* **Data block**
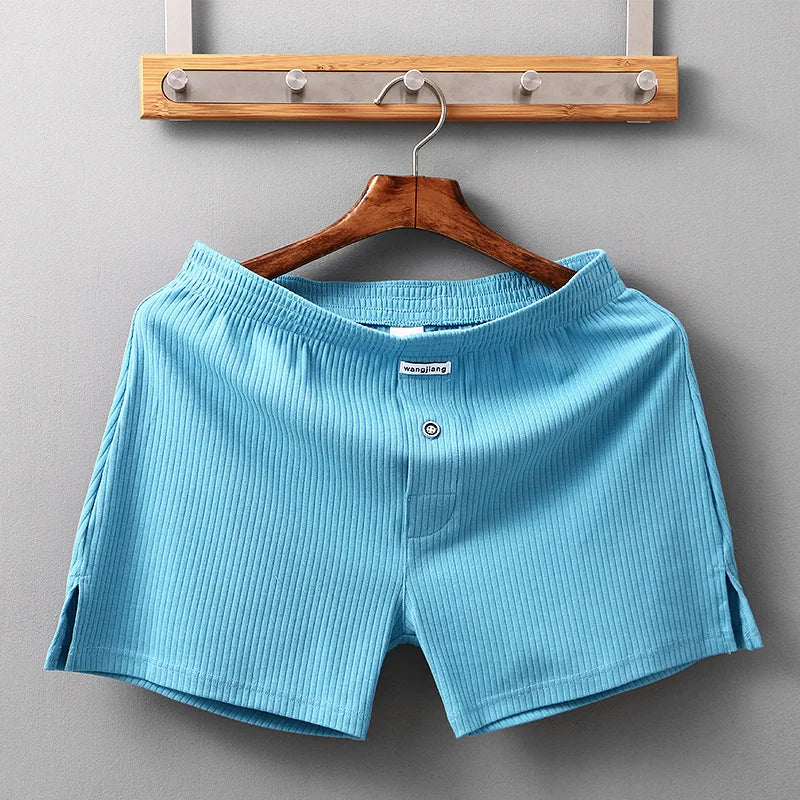 Men's underwear: Stretch cotton boxer shorts, mesh Aro pants, sleepwear, loungewear, boxer shorts, men's briefs, panties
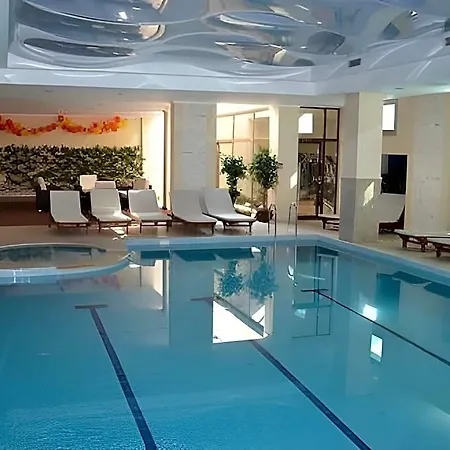 Turiya & Hotel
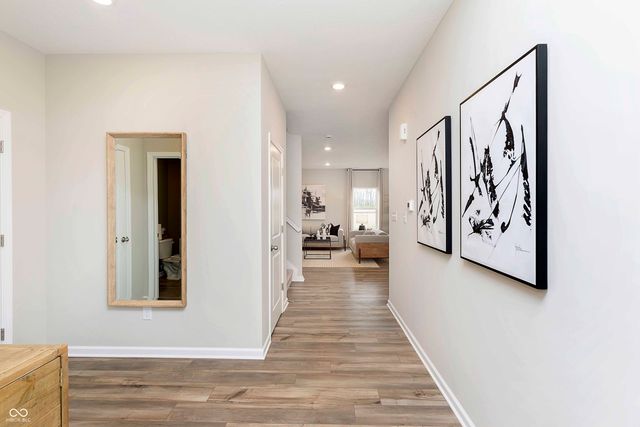 10909 Helmcrest Drive, Indianapolis, IN 46239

* **What the task requires**
Write out exactly the lines from the line that contains "Turiya & Hotel" to the last line of the material above, both included; pictures do not belong in the copy.

* **Expected output**
 Turiya & Hotel
 10909 Helmcrest Drive, Indianapolis, IN 46239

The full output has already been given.